In 1963, as the military buildup in Vietnam was beginning and defense spending was on the rise, Congress enacted Kennedy’s tax-rate reductions.

Economic growth picked up and the deficit fell. By 1965, economic growth had increased sufficiently that in spite of increased defense spending, the budget was essentially balanced. Except for one year (1968), the deficit was 1.5 percent of GDP or less throughout the decade, even as defense spending averaged 8.5 percent of GDP, which is more than twice the 4.4 percent we will spend on defense this year, including the president’s emergency request for an additional $75 billion.

In the aftermath of years of stagflation and then back-to-back recessions in 1980-82, Reagan stood steadfast in his insistence that we both cut tax rates and increase defense spending to confront the Soviet Union. The deficit soared to 6 percent of GDP in 1983 but economic growth revived, and our military buildup allowed us to stand firm internationally until the Soviet Union collapsed.

Just last week, the Congressional Budget Office released an analysis of the president’s budget in which it found that the tax-rate reductions would “increase labor supply, investment in productive capital (such as factories and machines), and the economy’s output.” This means faster economic growth and more jobs. Unfortunately, CBO also concluded that the vast amount of new spending in the president’s budget (more than $700 billion) would act as a drag on economic growth.

It was disappointing that CBO did not separate out the economically positive effects of the tax-rate reductions from the offsetting economic drag created by the budget’s new spending proposals, which would compete for available resources in the economy and “crowd out” investment. The Heritage Foundation did, however, estimate how individual elements of the president’s program would affect the economy. Heritage found that the president’s tax-rate reductions would produce an annual average of 844,000 new jobs between 2004 and 2013. Moreover, the added economic growth that would result from the increased incentives to work, save, invest and take risks would recoup about 57 percent of the so-called “revenue loss” that the static estimate of the congressional Joint Committee on Taxation projects said would occur – $274 billion versus a “static” cost of $638 billion.
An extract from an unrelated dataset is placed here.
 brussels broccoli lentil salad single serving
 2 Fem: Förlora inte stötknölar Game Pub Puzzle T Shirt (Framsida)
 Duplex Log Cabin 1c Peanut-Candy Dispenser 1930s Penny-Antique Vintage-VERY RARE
Some people may find it crass, indeed some may say selfish and “unpatriotic,” to worry about the economy during a time of war. Those who do don’t understand the vital role free-market capitalism plays in creating and sustaining modern civilization.

If we have any hope of restoring peace to the world, we must have the strength to assist countries like Afghanistan, Iraq and the soon-to-be created Palestinian state to build market economies and democratic institutions. We won’t be ready to win the peace if we don’t first restore our economy to vitality.

Now is no time to go wobbly on the economy. The Senate should restore the president’s full tax cuts to the budget so we can get about the business of making America economically strong enough to bear the burdens that will soon be upon us.